Hope this helps for a start. If the printf suggestion finds a more specific point in the code where it fails, add that to the question.
This question already has answers here:
Crash or "segmentation fault" when data is copied/scanned/read to an uninitialized pointer
(5 answers)
Closed 3 years ago.
What is wrong with strcpy() in this code?
void process_filedata(char *filename)
{
void* content;
const char * buffer;
char * temp;
char * row;
char * col;
int lsize,buflen,tmp,num_scan; //num_scan - number of characters scanned
int m=0,p=0,d=0,j=0; //m - machine, p - phase, d- delimiter, j - job
FILE *file_pointer = fopen("machinetimesnew.csv","r");
if(file_pointer == NULL)
{
error_flag = print_error("Error opening file");
if(error_flag) exit(1);
}
fseek(file_pointer, 0 ,SEEK_END);
lsize = ftell(file_pointer);
buflen = lsize;
rewind(file_pointer);
// content = (char*) malloc(sizeof(char)*lsize);
fread(content,1,lsize,file_pointer);
buffer = (const char*) content;
strcpy(temp,buffer);
row = strtok(temp,"\n");
...............
...............
I am getting a segmentation fault..
You're not allocating any space for temp. It's a wild pointer.

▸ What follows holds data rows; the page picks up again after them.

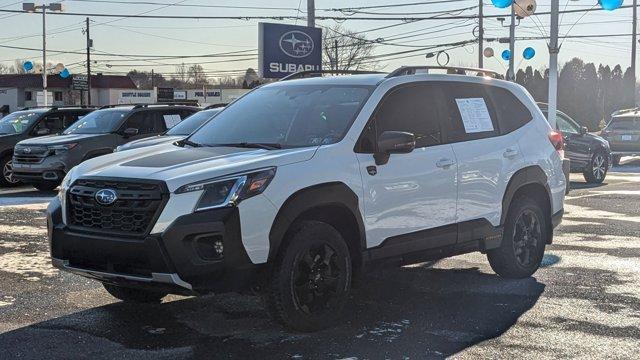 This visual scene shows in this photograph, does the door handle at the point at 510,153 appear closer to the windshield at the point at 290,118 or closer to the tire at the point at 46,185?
the windshield at the point at 290,118

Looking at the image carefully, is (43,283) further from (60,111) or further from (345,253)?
(60,111)

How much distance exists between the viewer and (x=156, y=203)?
4645mm

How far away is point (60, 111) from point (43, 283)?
11048 mm

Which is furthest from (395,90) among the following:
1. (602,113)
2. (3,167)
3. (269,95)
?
(602,113)

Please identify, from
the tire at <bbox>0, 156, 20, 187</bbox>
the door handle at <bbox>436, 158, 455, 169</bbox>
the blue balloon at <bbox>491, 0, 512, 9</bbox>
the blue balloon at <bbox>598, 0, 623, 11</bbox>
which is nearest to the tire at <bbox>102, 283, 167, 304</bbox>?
the door handle at <bbox>436, 158, 455, 169</bbox>

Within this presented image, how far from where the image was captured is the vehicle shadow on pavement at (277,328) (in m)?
4.86

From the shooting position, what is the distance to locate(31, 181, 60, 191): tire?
1455 cm

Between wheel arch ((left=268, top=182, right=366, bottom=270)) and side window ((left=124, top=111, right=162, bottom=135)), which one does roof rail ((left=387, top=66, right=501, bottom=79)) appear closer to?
wheel arch ((left=268, top=182, right=366, bottom=270))

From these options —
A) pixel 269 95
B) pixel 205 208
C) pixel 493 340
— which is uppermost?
pixel 269 95

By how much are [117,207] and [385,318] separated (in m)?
2.15

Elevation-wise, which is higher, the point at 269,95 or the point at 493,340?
the point at 269,95

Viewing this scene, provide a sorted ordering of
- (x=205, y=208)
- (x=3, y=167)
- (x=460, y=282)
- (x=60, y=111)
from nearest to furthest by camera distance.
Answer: (x=205, y=208), (x=460, y=282), (x=3, y=167), (x=60, y=111)

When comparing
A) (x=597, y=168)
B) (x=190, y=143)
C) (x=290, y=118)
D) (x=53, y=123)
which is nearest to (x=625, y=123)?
(x=597, y=168)

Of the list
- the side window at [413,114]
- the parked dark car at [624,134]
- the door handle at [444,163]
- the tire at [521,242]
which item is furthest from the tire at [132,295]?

There are actually three segmentation faults here:
fread(content,1,lsize,file_pointer);
strcpy(temp,buffer);
row = strtok(temp,"\n");
The first one is fread() which is attempting to write to memory that does not yet exist as far as your process is concerned.

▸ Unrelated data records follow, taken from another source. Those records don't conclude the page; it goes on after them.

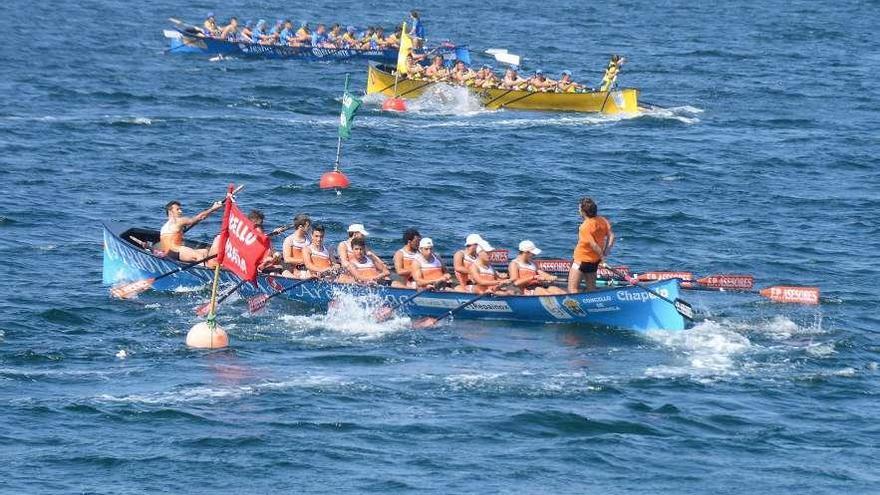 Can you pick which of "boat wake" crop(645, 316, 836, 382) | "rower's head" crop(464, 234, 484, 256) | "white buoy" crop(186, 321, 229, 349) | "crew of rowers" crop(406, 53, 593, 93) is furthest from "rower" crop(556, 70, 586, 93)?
"white buoy" crop(186, 321, 229, 349)

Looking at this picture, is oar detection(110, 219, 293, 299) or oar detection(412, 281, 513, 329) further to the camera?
oar detection(110, 219, 293, 299)

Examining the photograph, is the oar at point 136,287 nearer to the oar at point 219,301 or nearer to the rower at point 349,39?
the oar at point 219,301

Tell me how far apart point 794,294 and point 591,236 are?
4228 millimetres

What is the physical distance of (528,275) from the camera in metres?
30.0

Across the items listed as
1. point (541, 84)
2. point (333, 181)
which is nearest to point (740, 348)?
point (333, 181)

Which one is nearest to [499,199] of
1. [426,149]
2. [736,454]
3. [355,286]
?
[426,149]

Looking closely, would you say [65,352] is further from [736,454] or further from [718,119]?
[718,119]

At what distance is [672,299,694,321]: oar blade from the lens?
94.0ft

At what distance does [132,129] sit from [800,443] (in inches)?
1221

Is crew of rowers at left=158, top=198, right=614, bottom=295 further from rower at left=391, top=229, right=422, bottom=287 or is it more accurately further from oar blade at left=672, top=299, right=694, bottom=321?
oar blade at left=672, top=299, right=694, bottom=321

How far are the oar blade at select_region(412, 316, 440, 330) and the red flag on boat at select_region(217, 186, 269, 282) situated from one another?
3.74 meters

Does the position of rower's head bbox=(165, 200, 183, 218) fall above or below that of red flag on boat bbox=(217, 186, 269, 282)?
above

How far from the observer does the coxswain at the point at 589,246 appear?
28875 millimetres

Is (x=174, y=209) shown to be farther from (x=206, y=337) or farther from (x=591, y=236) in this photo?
(x=591, y=236) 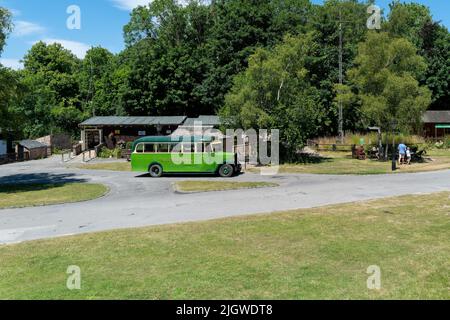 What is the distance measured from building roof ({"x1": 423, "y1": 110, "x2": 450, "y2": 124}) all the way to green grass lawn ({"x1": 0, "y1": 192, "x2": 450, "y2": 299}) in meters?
43.3

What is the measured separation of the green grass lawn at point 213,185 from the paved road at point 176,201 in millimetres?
710

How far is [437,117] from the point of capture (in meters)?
52.9

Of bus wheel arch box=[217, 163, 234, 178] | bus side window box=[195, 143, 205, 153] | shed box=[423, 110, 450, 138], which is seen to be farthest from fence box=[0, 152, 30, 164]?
shed box=[423, 110, 450, 138]

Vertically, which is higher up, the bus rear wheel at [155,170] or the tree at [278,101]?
the tree at [278,101]

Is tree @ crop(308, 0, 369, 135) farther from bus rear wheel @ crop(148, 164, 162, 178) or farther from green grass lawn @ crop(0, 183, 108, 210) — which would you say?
green grass lawn @ crop(0, 183, 108, 210)

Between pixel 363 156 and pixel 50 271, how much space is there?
29.0m

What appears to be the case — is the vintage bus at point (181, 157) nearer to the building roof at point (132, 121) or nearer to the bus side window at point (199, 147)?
the bus side window at point (199, 147)

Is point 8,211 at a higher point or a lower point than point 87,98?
lower

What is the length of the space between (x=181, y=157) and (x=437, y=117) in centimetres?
3986

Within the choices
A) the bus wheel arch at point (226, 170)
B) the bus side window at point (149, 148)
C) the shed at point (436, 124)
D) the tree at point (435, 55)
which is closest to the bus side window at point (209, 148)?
the bus wheel arch at point (226, 170)

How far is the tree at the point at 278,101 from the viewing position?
1195 inches
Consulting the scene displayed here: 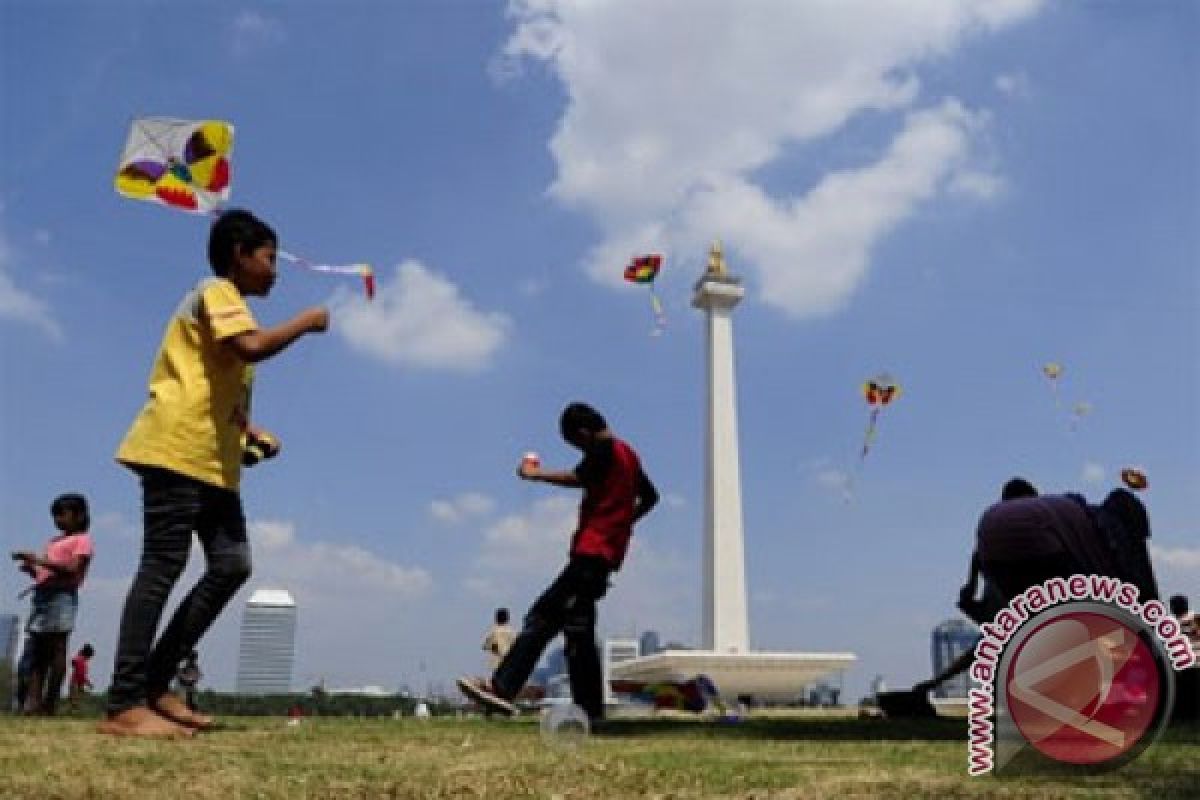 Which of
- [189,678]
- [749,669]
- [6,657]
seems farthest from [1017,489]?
[749,669]

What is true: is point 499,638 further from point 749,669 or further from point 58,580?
point 749,669

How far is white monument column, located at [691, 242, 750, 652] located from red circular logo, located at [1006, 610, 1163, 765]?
3698 centimetres

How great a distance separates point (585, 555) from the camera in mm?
5938

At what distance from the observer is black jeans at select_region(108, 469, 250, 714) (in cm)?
420

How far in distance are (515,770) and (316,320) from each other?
2.07 metres

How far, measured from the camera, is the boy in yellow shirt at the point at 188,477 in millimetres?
4207

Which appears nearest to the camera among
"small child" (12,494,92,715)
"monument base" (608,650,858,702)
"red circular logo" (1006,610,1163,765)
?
"red circular logo" (1006,610,1163,765)

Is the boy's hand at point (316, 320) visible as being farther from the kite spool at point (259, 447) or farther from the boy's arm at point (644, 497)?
the boy's arm at point (644, 497)

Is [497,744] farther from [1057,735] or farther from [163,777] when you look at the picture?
[1057,735]

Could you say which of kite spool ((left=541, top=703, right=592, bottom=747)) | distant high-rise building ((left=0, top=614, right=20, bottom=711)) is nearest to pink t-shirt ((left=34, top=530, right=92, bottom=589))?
kite spool ((left=541, top=703, right=592, bottom=747))

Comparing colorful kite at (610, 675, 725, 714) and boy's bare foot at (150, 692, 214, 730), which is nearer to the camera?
boy's bare foot at (150, 692, 214, 730)

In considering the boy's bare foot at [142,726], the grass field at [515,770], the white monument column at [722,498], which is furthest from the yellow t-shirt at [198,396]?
the white monument column at [722,498]

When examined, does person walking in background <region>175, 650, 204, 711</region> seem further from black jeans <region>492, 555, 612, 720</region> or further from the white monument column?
the white monument column

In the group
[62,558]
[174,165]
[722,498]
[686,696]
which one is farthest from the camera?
[722,498] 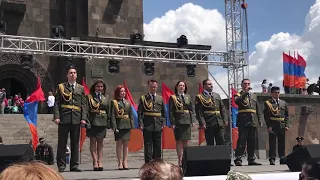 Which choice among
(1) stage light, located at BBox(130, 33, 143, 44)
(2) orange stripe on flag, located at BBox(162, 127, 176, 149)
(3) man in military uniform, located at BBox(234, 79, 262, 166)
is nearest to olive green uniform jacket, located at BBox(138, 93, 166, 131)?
(3) man in military uniform, located at BBox(234, 79, 262, 166)

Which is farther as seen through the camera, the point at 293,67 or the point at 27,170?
the point at 293,67

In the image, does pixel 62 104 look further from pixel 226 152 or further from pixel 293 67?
pixel 293 67

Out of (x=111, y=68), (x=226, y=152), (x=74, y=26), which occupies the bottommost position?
(x=226, y=152)

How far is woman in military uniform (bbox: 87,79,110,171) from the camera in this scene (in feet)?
27.5

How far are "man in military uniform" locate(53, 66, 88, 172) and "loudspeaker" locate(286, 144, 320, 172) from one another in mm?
3624

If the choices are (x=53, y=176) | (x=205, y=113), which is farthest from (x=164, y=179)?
(x=205, y=113)

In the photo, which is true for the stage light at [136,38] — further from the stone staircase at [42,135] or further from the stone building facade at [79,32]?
the stone staircase at [42,135]

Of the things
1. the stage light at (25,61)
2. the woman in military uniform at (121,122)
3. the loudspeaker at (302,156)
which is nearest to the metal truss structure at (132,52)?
the stage light at (25,61)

The second one is strcpy(), (expounding on the first) you are attempting to copy to a pointer that points to nothing. No memory (other than the pointer reference itself) has been allocated for temp, statically or dynamically.

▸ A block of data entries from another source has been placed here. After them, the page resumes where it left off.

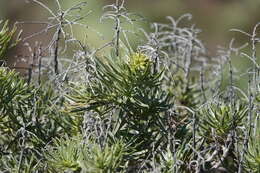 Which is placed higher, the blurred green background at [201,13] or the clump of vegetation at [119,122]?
the blurred green background at [201,13]

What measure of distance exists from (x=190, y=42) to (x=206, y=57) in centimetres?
9

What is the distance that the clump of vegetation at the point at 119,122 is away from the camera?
0.49 metres

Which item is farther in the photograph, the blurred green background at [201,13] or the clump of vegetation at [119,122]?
the blurred green background at [201,13]

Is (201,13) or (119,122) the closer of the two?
(119,122)

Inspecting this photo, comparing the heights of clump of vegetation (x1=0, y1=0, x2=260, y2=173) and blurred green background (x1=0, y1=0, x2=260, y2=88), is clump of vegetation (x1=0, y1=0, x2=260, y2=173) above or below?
below

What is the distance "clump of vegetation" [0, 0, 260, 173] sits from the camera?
1.59ft

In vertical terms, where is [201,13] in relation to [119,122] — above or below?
above

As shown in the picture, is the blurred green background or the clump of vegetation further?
the blurred green background

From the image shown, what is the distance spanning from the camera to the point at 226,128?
0.51m

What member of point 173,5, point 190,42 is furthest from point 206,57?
point 173,5

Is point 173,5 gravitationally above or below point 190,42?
above

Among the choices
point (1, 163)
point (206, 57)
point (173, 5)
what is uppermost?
point (173, 5)

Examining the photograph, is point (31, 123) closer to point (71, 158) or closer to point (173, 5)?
point (71, 158)

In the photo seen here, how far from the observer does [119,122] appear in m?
0.51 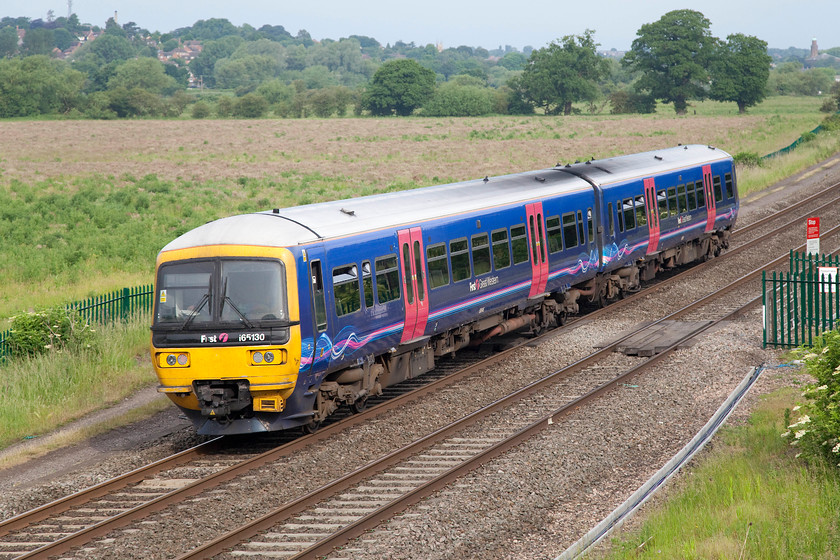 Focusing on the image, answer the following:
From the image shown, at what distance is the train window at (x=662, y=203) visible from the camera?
24484 mm

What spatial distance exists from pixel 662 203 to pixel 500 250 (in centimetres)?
827

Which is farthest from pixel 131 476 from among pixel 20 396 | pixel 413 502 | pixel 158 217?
pixel 158 217

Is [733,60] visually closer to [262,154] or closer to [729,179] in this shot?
[262,154]

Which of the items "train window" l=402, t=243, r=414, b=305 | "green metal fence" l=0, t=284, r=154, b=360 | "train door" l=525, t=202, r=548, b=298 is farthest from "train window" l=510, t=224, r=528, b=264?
"green metal fence" l=0, t=284, r=154, b=360

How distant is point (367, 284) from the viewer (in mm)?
14219

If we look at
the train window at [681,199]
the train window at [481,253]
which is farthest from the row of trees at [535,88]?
the train window at [481,253]

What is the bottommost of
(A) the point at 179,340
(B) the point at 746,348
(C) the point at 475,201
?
(B) the point at 746,348

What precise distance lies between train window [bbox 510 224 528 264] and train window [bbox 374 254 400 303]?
4024 millimetres

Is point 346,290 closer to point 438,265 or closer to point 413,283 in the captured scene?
point 413,283

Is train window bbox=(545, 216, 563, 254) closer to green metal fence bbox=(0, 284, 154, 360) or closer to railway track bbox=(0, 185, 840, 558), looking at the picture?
railway track bbox=(0, 185, 840, 558)

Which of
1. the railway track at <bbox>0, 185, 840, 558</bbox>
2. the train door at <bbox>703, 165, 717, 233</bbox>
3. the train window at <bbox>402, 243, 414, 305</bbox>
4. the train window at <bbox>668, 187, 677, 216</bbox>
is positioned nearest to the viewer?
the railway track at <bbox>0, 185, 840, 558</bbox>

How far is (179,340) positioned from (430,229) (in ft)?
16.4

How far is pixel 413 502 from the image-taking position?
10.8m

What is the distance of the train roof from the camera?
12891 mm
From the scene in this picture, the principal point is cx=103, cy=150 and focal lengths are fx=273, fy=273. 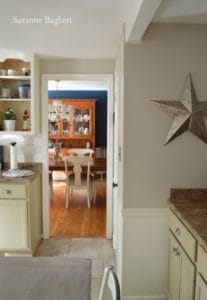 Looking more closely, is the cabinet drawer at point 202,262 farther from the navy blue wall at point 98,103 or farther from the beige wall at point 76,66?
the navy blue wall at point 98,103

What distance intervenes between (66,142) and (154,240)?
4993mm

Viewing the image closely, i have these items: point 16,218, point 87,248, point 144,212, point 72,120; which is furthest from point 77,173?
point 144,212

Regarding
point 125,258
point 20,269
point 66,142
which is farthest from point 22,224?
point 66,142

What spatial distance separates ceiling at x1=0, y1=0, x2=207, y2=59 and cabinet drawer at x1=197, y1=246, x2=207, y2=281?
1327 mm

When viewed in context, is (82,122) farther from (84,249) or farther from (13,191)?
(13,191)

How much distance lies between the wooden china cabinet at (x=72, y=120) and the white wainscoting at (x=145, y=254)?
15.3ft

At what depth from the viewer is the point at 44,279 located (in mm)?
1226

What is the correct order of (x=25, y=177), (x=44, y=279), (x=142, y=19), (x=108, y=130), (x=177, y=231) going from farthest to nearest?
(x=108, y=130) → (x=25, y=177) → (x=177, y=231) → (x=142, y=19) → (x=44, y=279)

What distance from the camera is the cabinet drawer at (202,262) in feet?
Answer: 4.62

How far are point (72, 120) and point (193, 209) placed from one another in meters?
5.15

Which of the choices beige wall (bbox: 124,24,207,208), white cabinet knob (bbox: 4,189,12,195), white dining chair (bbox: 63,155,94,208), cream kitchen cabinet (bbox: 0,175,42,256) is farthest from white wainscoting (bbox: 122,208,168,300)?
white dining chair (bbox: 63,155,94,208)

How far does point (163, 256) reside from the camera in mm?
2221

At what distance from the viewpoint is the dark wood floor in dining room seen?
370cm

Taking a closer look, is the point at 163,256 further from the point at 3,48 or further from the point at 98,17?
the point at 3,48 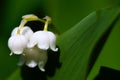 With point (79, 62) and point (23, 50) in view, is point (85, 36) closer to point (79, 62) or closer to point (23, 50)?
point (79, 62)

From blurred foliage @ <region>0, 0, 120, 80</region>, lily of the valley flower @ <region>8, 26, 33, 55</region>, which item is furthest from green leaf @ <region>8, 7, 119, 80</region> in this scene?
lily of the valley flower @ <region>8, 26, 33, 55</region>

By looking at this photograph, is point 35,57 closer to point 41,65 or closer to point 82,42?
point 41,65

Fix this via changing temp to look like this (allocating it statically):
char temp[1024];
Or use malloc() to dynamically allocate memory for it (as well as your other pointers, so they actually point to something), likewise for content. If you know the needed buffer size at compile time, use static allocation. If not, use malloc(). 'Knowing' is the subject of another question.
The third one is strtok() , which is going to modify temp en situ (in place), which it obviously can not do, since temp was never allocated. In any event, don't expect temp to be the same once strtok() is done with it. By the name of the variable, I assume you know that.
Also, Initializing a pointer is not the same thing as allocating memory for it:
char *temp = NULL; // temp is initialized
char *temp = (char *) malloc(size); // temp is allocated if malloc returns agreeably, cast return to not break c++
Finally, please get in the habit of using strncpy() over strcpy(), its much safer.
Nothing's wrong with strcpy. You haven't initialised temp.
There's yet another mistake. fread does not add a nul character to the end of the buffer. That's because it only deals with arrays of bytes, not nul-terminated strings. So you need to do something like this:
content = malloc(lsize + 1);
fread(content,1,lsize,file_pointer);
content[lsize] = 0;
temp = malloc(lsize + 1);
strcpy(temp, content);
or this:
content = malloc(lsize);
fread(content,1,lsize,file_pointer);
temp = malloc(lsize + 1);
memcpy(temp, content, lsize);
temp[lsize] = 0;
(Also, in real code you should check the results of fread and malloc.)
you didn't allocate memory for temp
char * temp hasn't been initialized and you consequently haven't allocated any memory for it.
try:
temp = (char *)malloc(SIZE);
where SIZE is however much memory you want to allocate for temp
This piece of code intrigues me:
if(file_pointer == NULL)
{
error_flag = print_error("Error opening file");
if(error_flag) exit(1);
}
Shouldn't you exit unconditionally if the file_pointer is NULL?